━━━━━ Data

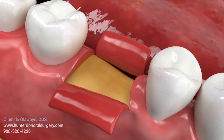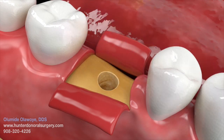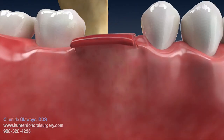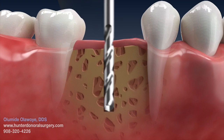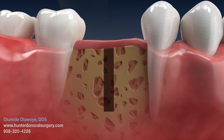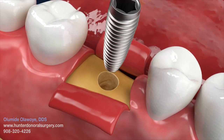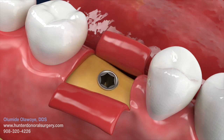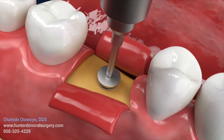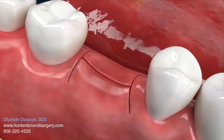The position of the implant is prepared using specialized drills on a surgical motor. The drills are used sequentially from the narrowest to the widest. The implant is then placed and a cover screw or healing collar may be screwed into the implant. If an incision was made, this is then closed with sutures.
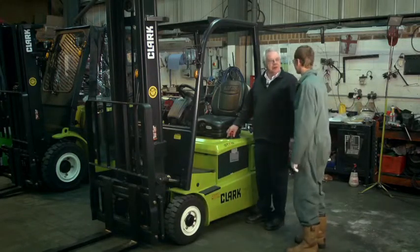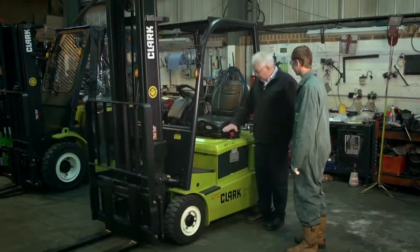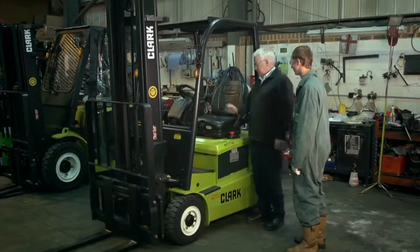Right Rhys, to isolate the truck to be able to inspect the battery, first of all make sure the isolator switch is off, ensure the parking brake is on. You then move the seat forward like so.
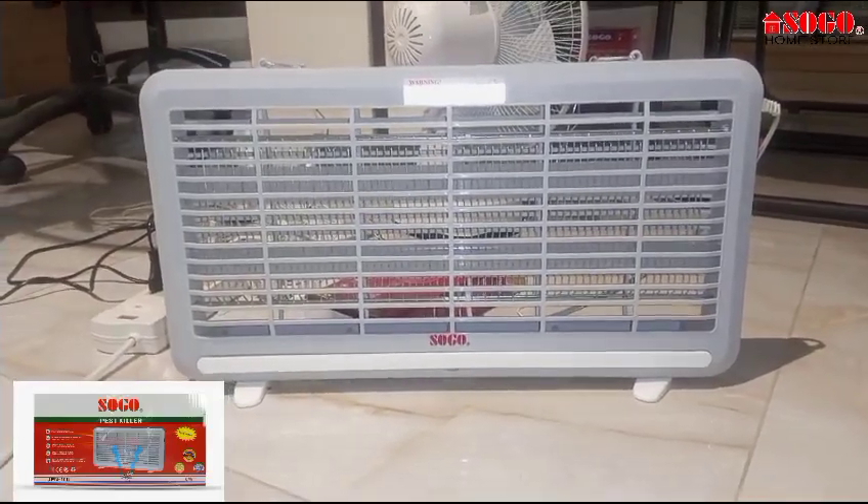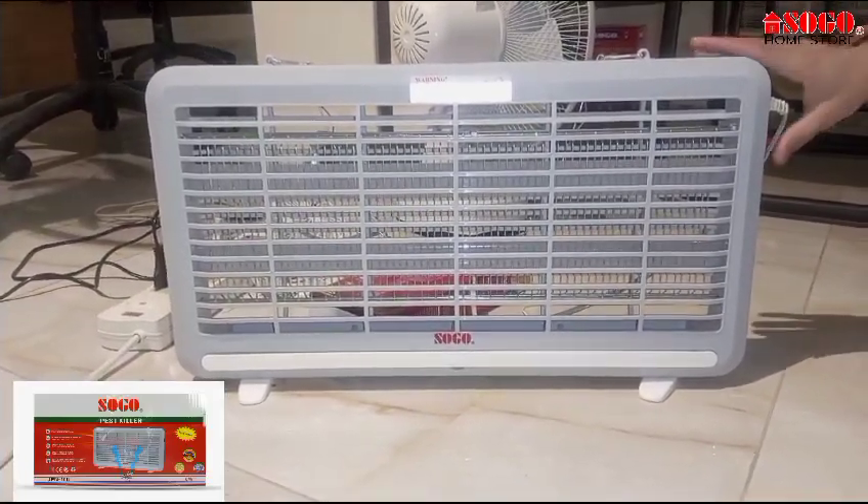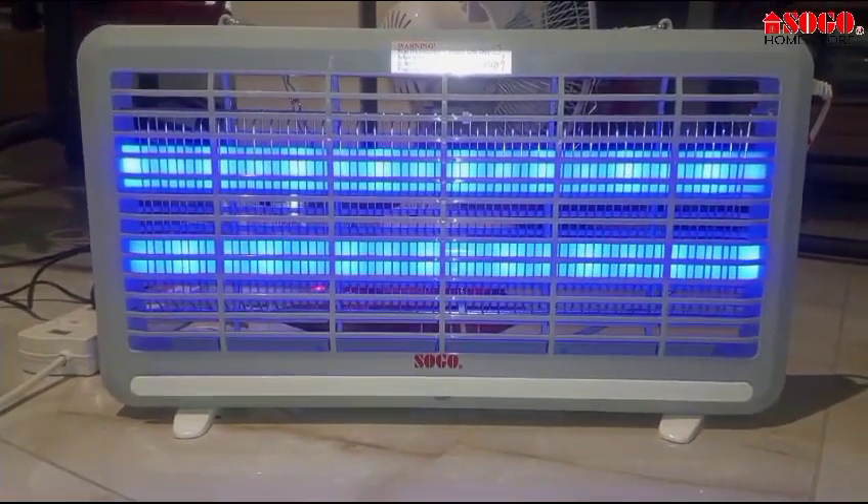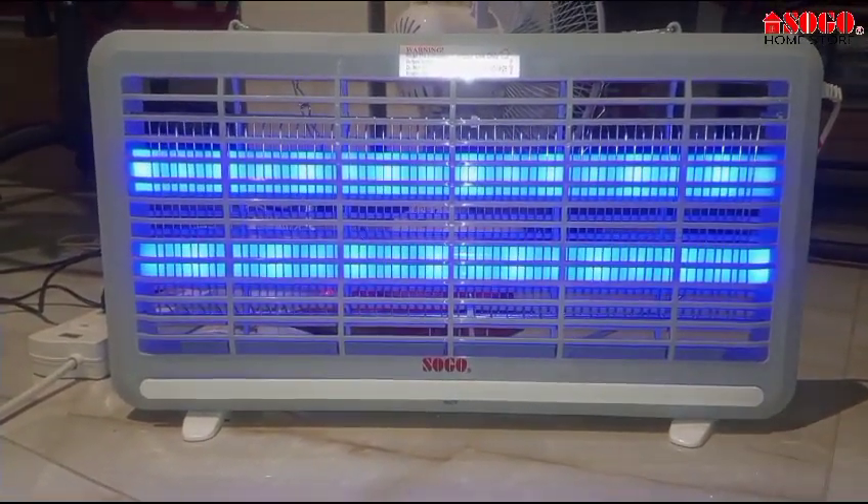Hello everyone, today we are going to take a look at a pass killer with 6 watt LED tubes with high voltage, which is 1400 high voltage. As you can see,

━━━━━━━━━━
━━━━━ Data

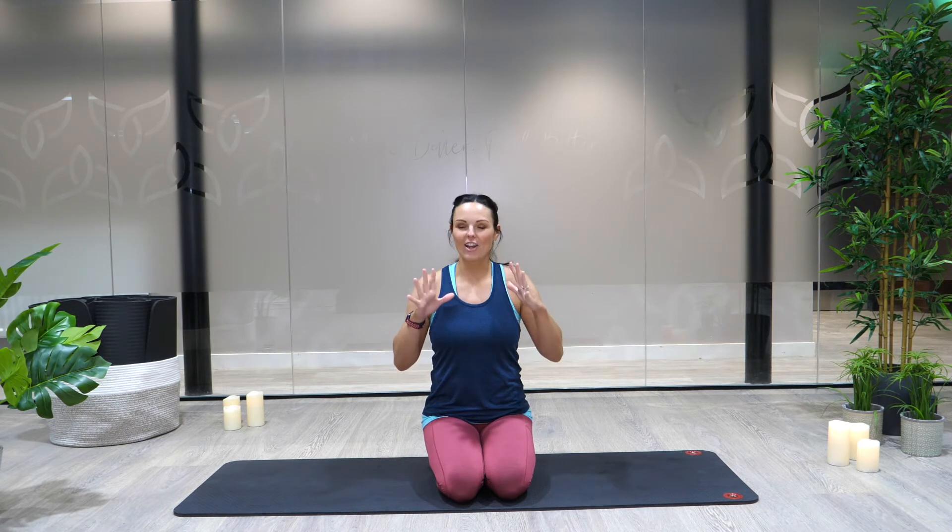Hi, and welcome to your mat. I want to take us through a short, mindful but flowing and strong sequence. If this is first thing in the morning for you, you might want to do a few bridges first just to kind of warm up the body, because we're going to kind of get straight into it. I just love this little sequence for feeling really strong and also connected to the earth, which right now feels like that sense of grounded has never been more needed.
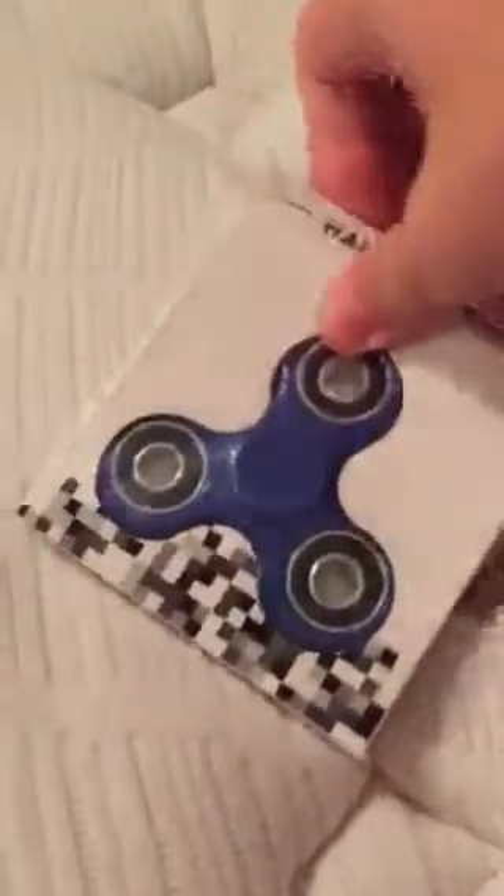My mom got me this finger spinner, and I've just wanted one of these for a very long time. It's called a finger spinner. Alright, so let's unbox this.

━━━━━━━━━━
━━━━━ Data

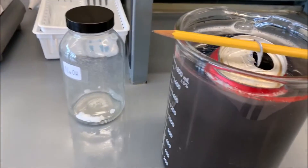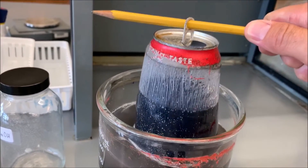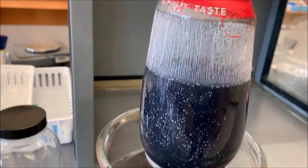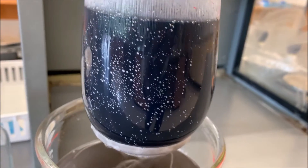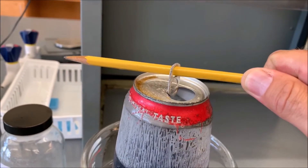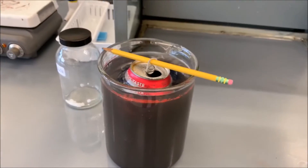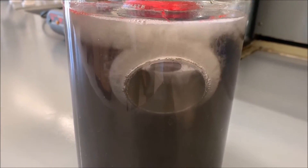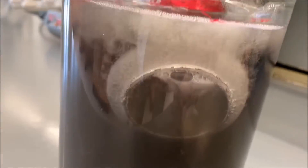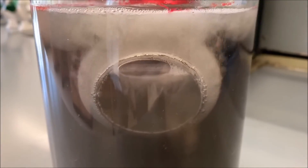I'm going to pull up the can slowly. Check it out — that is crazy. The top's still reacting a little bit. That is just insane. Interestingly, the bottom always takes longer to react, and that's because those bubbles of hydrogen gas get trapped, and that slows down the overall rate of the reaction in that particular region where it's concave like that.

━━━━━━━━━━

▶ [What you will do] Set the pictures aside and transcribe exactly the stretch of lines above, beginning with the one holding "The position of" and ending with the one holding "Hello everyone, today".

▶ [Answer section]
The position of the implant is prepared using specialized drills on a surgical motor. The drills are used sequentially from the narrowest to the widest. The implant is then placed and a cover screw or healing collar may be screwed into the implant. If an incision was made, this is then closed with sutures.
Right Rhys, to isolate the truck to be able to inspect the battery, first of all make sure the isolator switch is off, ensure the parking brake is on. You then move the seat forward like so.
Hello everyone, today we are going to take a look at a pass killer with 6 watt LED tubes with high voltage, which is 1400 high voltage. As you can see,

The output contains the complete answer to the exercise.